## This file covers code for Support Vector Machines

Installing relevant libraries

In [1]:
import pandas as pd
import numpy as np
import matplotlib.pyplot as plt
from sklearn.preprocessing import StandardScaler, scale 
from sklearn.model_selection import GridSearchCV
from sklearn.metrics import precision_score, recall_score, accuracy_score, f1_score, roc_auc_score


In [2]:
filepath = r'/Users/ureemjames/Downloads/Output_NoOutliers.csv'
data = pd.read_csv(filepath)

In [3]:
columns_to_drop = data.columns.to_list()[0]

In [4]:
data.drop(columns = [columns_to_drop], axis = 1, inplace = True)

In [6]:
object_variables = ['RIAGENDR',
'RIDRETH3',
'DMDBORN4',
'DMDEDUC2',
'DMDMARTZ',
'BPQ020',
'BPQ080',
'CDQ001',
'CDQ010',
'HSQ590',
'FSD162',
'HEQ010',
'HEQ030',
'IMQ011',
'IMQ020',
'KIQ022',
'KIQ044',
'DPQ020',
'MCQ010',
'MCQ080',
'MCQ092',
'PAQ620',
'PAQ665',
'RHQ131',
'SLQ050',
'SMQ020']

In [7]:
encoded_data = pd.get_dummies(data, columns = object_variables, prefix= object_variables, drop_first= True)

Now, that we have dropped the Sequence ID number, we have our final data set.
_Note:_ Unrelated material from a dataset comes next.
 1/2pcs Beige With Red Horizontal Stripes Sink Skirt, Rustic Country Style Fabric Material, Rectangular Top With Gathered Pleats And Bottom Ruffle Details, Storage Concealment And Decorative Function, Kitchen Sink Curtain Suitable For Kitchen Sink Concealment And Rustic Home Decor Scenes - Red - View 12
Let's now partition the data into testing and training data.

In [8]:
target_variable = 'DIQ010'

In [9]:
predictors_df = encoded_data.drop(columns = [target_variable], axis = 1)

In [10]:
target_df = encoded_data[target_variable]

In [11]:
from sklearn.model_selection import train_test_split

random_number = 1000

np.random.seed(random_number)

X_train, X_test, Y_train, Y_test = train_test_split(predictors_df, target_df, train_size=0.8, test_size=0.2, random_state=random_number)

In [12]:
Y_train.value_counts()/len(Y_train)

0    0.820272
1    0.179728
Name: DIQ010, dtype: float64

In [13]:
Y_test.value_counts()/len(Y_test)

0    0.828224
1    0.171776
Name: DIQ010, dtype: float64

In [16]:
scaler = StandardScaler()
X_train_scaled = scaler.fit_transform(X_train)
X_test_scaled = scaler.transform(X_test)

In [17]:
from sklearn.svm import SVC

In [18]:
model = SVC()
model.fit(X_train_scaled, Y_train)

SVC()

In [19]:
model.score(X_test_scaled, Y_test)

0.8979915433403806

## Now Let's try and optimize this model.

In [20]:
param_grid = [

{

    'C': [0.5,1,10,100],
    'gamma': ['scale',1,0.1,0.01,0.001,0.0001,0.000001],
    'kernel' : ['rbf']
}


]

In [21]:
original_params = GridSearchCV(model,param_grid, cv = 5, scoring = 'accuracy', verbose = 0)
original_params.fit(X_train_scaled, Y_train)

best_params = original_params.best_params_
best_estimator = original_params.best_estimator_

print(best_params)

{'C': 100, 'gamma': 0.0001, 'kernel': 'rbf'}


In [26]:
from sklearn.metrics import confusion_matrix

test_accuracy = best_estimator.score(X_test_scaled, Y_test)
y_pred = best_estimator.predict(X_test_scaled)
precision_test = precision_score(Y_test,y_pred)
recall_test = recall_score(Y_test,y_pred)
f1_score_test = f1_score(Y_test, y_pred)
conf_matrix = confusion_matrix(Y_test, y_pred)
specificity = conf_matrix[0,0]/( conf_matrix[0,0] +  conf_matrix[0,1])



print(f"Test Accuracy: {test_accuracy:.2f}; Precision: {precision_test}: Recall: {recall_test}; Specificity: {specificity} F1 Score: {f1_score_test}.")

Test Accuracy: 0.91; Precision: 0.8387096774193549: Recall: 0.56; Specificity: 0.9776643267389917 F1 Score: 0.6715867158671587.